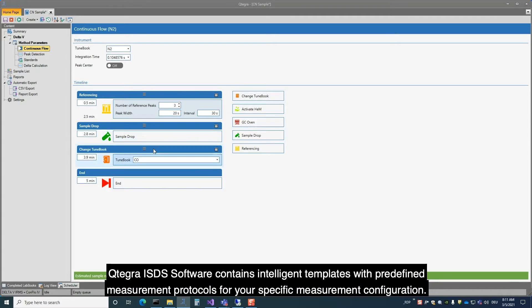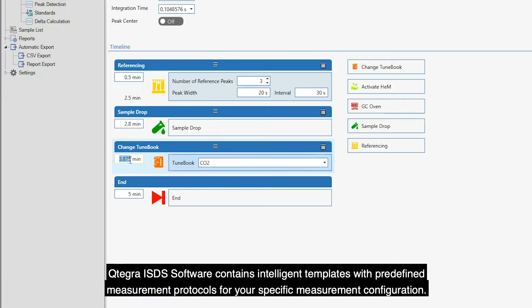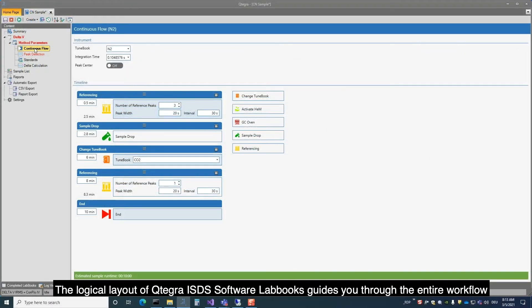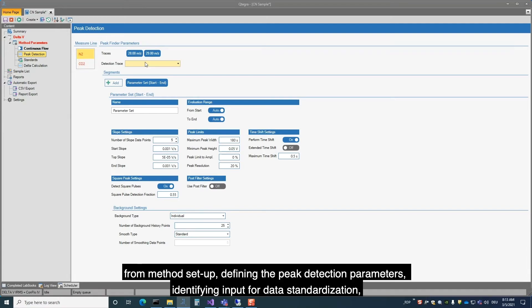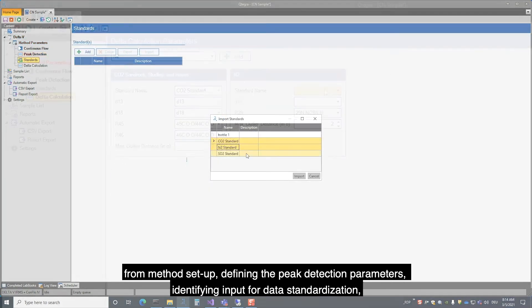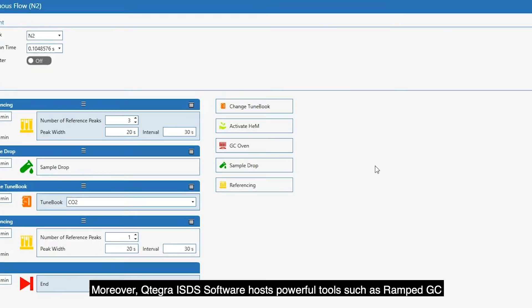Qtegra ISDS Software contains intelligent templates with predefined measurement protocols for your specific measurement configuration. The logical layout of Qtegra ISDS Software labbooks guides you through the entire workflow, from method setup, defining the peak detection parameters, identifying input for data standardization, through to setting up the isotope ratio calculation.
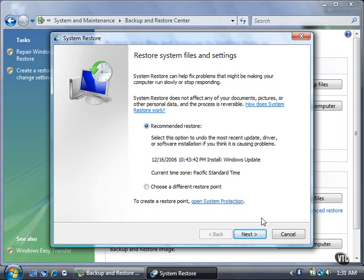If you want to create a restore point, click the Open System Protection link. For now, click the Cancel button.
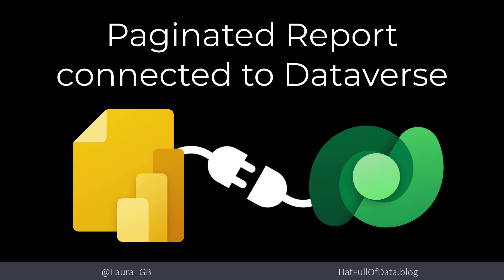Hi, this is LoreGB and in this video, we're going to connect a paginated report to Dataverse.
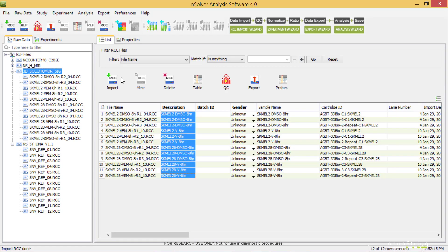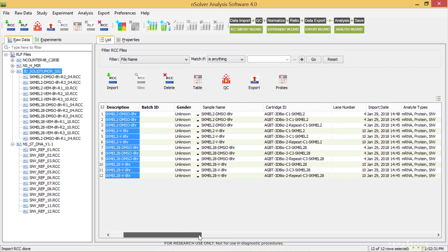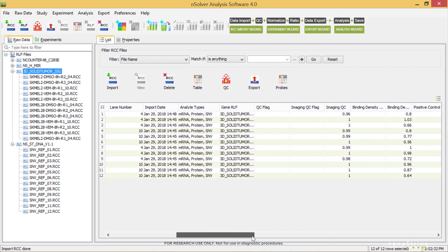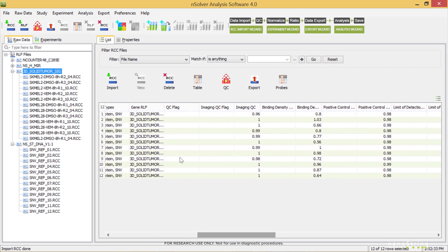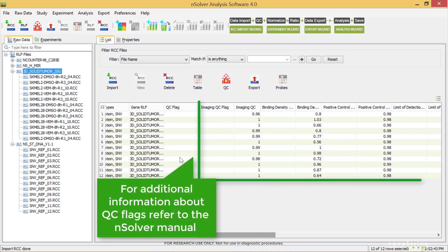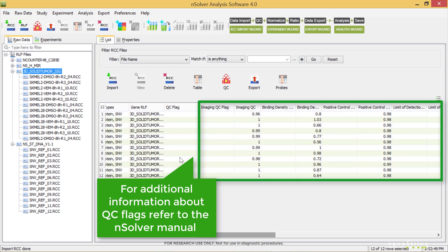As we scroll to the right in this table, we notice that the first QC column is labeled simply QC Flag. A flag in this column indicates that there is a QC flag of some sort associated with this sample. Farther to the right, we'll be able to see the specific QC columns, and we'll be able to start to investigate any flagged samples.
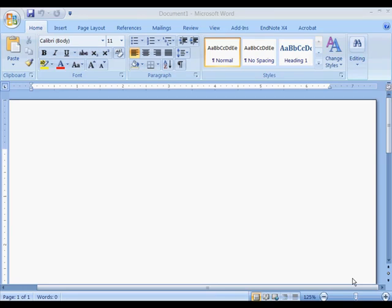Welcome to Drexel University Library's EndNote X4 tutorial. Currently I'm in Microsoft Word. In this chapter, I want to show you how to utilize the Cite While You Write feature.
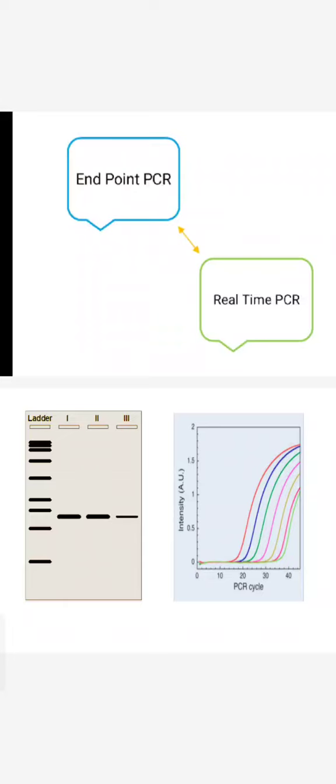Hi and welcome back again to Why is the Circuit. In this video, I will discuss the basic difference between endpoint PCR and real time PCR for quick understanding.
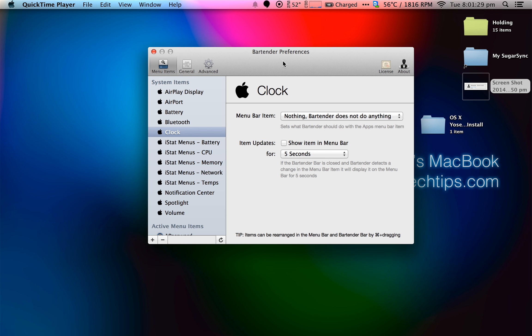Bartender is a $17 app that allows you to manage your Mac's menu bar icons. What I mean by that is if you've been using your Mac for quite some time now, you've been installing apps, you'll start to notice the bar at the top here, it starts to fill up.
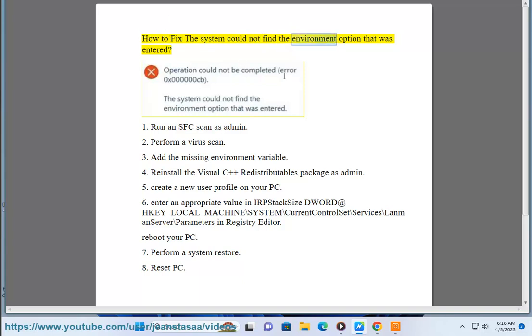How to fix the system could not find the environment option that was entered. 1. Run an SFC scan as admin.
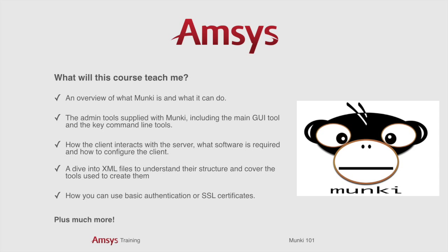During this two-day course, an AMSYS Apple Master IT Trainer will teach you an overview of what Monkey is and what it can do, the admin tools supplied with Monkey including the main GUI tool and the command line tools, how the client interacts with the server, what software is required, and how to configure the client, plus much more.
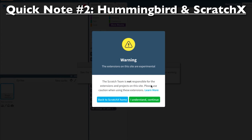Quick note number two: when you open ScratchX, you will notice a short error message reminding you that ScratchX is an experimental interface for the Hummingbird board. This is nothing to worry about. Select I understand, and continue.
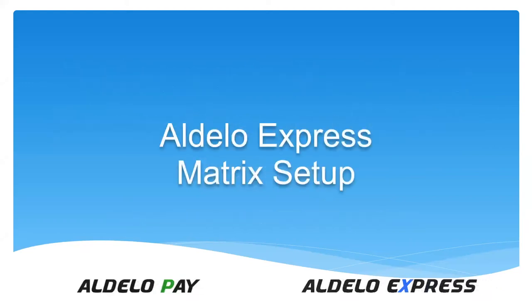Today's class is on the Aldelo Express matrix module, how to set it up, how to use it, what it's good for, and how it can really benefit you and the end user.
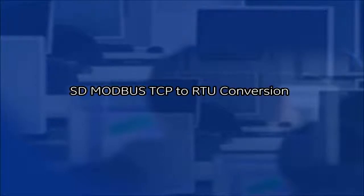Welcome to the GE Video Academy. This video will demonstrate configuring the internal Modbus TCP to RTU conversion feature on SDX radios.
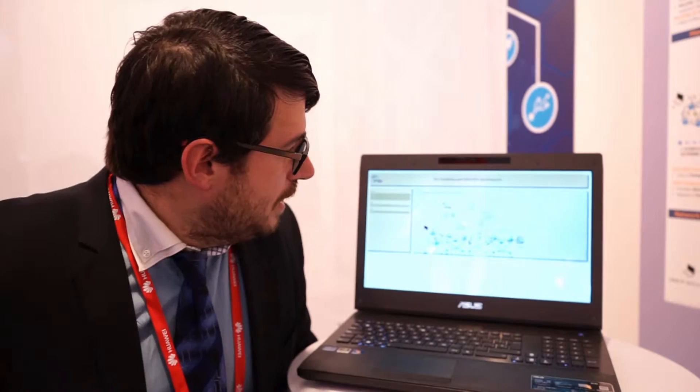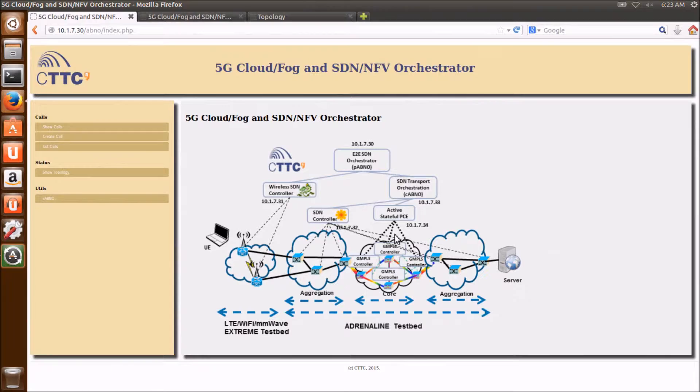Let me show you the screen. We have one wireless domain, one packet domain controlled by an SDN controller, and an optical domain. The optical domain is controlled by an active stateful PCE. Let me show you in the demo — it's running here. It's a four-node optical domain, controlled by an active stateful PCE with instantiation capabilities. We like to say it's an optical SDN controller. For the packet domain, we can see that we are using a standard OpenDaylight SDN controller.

######

TASK BRIEF
Only the lines from the beginning of the listing up to and including the line with "As we scroll" should appear in the reply, copied word for word and free of pictures.

EXERCISE ANSWER
Qtegra ISDS Software contains intelligent templates with predefined measurement protocols for your specific measurement configuration. The logical layout of Qtegra ISDS Software labbooks guides you through the entire workflow, from method setup, defining the peak detection parameters, identifying input for data standardization, through to setting up the isotope ratio calculation.
If you want to create a restore point, click the Open System Protection link. For now, click the Cancel button.
Hi, this is LoreGB and in this video, we're going to connect a paginated report to Dataverse.
As we scroll to the right in this table, we notice that the first QC column is labeled simply QC Flag. A flag in this column indicates that there is a QC flag of some sort associated with this sample. Farther to the right, we'll be able to see the specific QC columns, and we'll be able to start to investigate any flagged samples.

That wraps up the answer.